Court of Appeals of South Carolina
Jan 10, 1994
439 S.E.2d 861 (S.C. Ct. App. 1994)

Opinion

2114

Heard November 3, 1993

Decided January 10, 1994

Appeal from York County J. Buford Grier, Master-In-Equity

Reversed and remanded.

Thomas F. McDow, Rock Hill, for appellant.

Stanley D. Ragsdale, of Leventis Ragsdale; and F. Patrick Hubbard; Columbia, for respondents.


Jane Davenport McCurry sued the Keiths to recover over $8,000 she lost playing video poker machines at their business. She alleged fifteen separate incidents. The trial judge granted the Keiths' motion for judgment on the pleadings and McCurry appeals. We reverse and remand.

The court held the facts McCurry alleged showed: (1) the money she lost was for the use of the machine; (2) the poker machines were not illegal and, therefore, not in violation of the statute; and (3) the Keiths were not "so playing" the game under the statute.

According to the complaint, the Keiths operate The Executive, a business, in Fort Mill, containing poker machines. The complaint alleges that a poker machine is a game within the scope of S.C. Code Ann. § 82-1-10 (1991). The causes of action state, in pertinent part, that McCurry, "by playing a game at The Executive lost, paid and delivered to" the Keiths a sum of money.

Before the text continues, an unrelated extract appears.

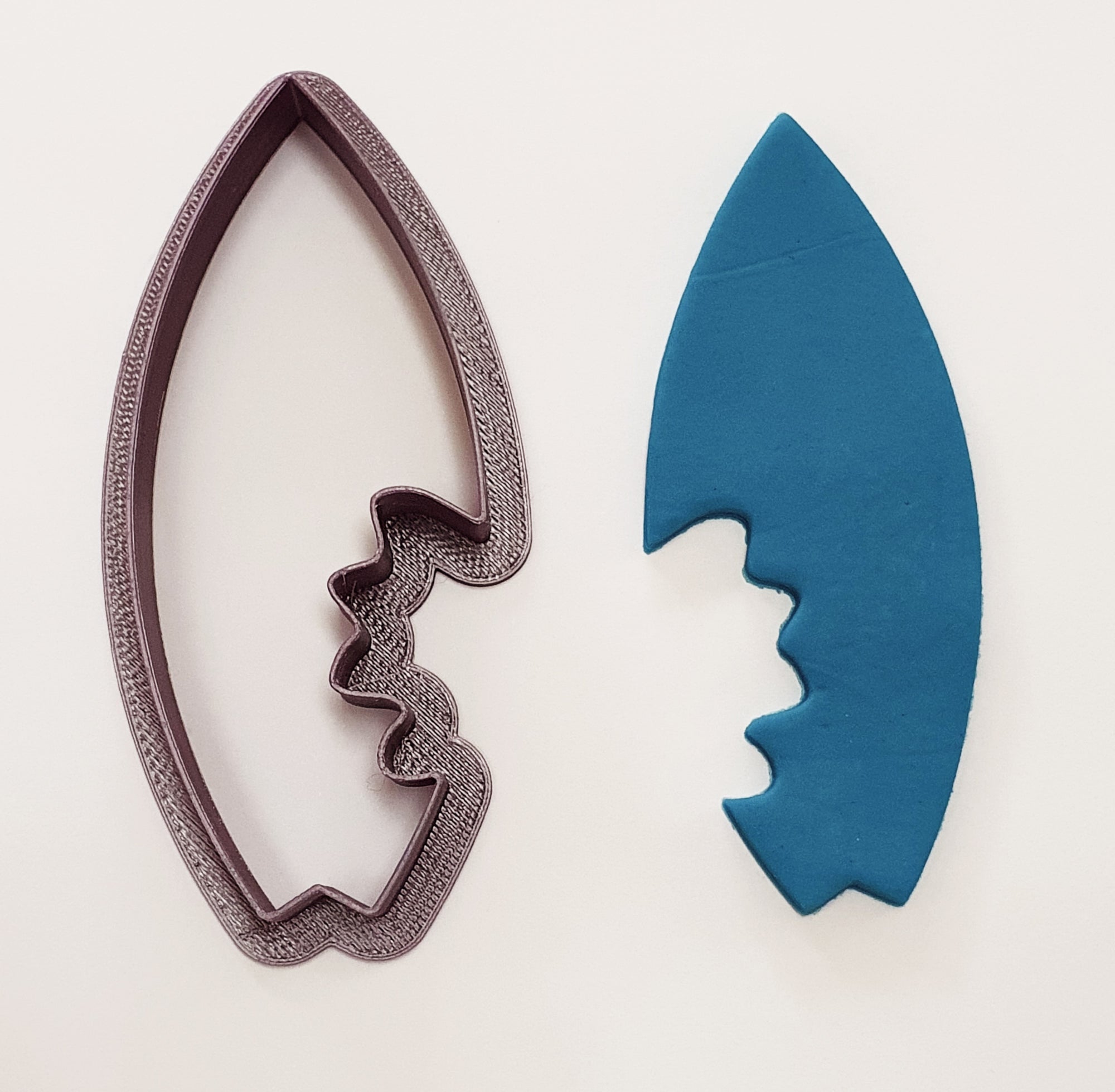 Surfboard Cookie Cutter with Bite 10cm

This code section allows a gambler to recover losses of $50 or more.

A judgment on the pleadings is a drastic procedure and, therefore, is not proper if there is an issue of fact raised by the complaint which, if resolved in favor of the plaintiff, would entitle her to judgment. Russell v. City of Columbia, 305 S.C. 86, 406 S.E.2d 338, (1991). Moreover, the pleadings must be construed liberally to ensure substantial justice between the parties. Id.

The trial court held McCurry had only alleged payments for the use of the machine. A liberal reading of the complaint indicates McCurry is claiming she lost money gambling on a poker machine. The trial court's conclusion that McCurry spent money for the right to play the game rather than lost money at gambling is too narrow a reading of the complaint.

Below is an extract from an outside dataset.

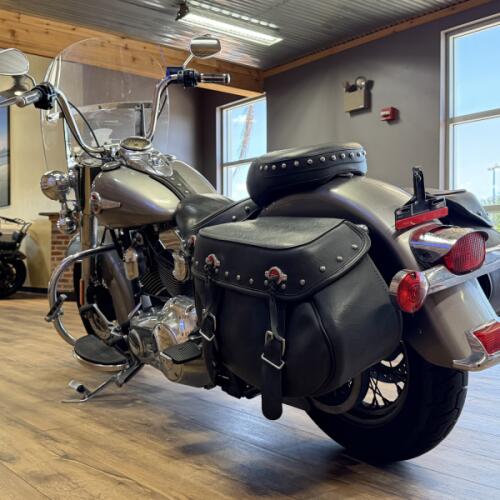 Harley-Davidson® Heritage Softail® Classic 2016 thumb 1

As a further ground for granting judgment on the pleadings, the court found S.C. Code Ann. § 32-1-10 (1991) applies only to illegal games and poker machines were not illegal. The recent Supreme Court opinion, Berkebile v. Outen, ___ S.C. ___, 426 S.E.2d 760 (1993), construed this code section to entitle a losing player to recover whether or not the game was illegal. The Court reasoned that the General Assembly contemplated a policy which prevents a gambler from allowing his vice to overcome his ability to pay, thereby protecting citizens and their families from a gambler's uncontrollable impulses. Id.

This case was not available to the trial judge at the time the order was entered.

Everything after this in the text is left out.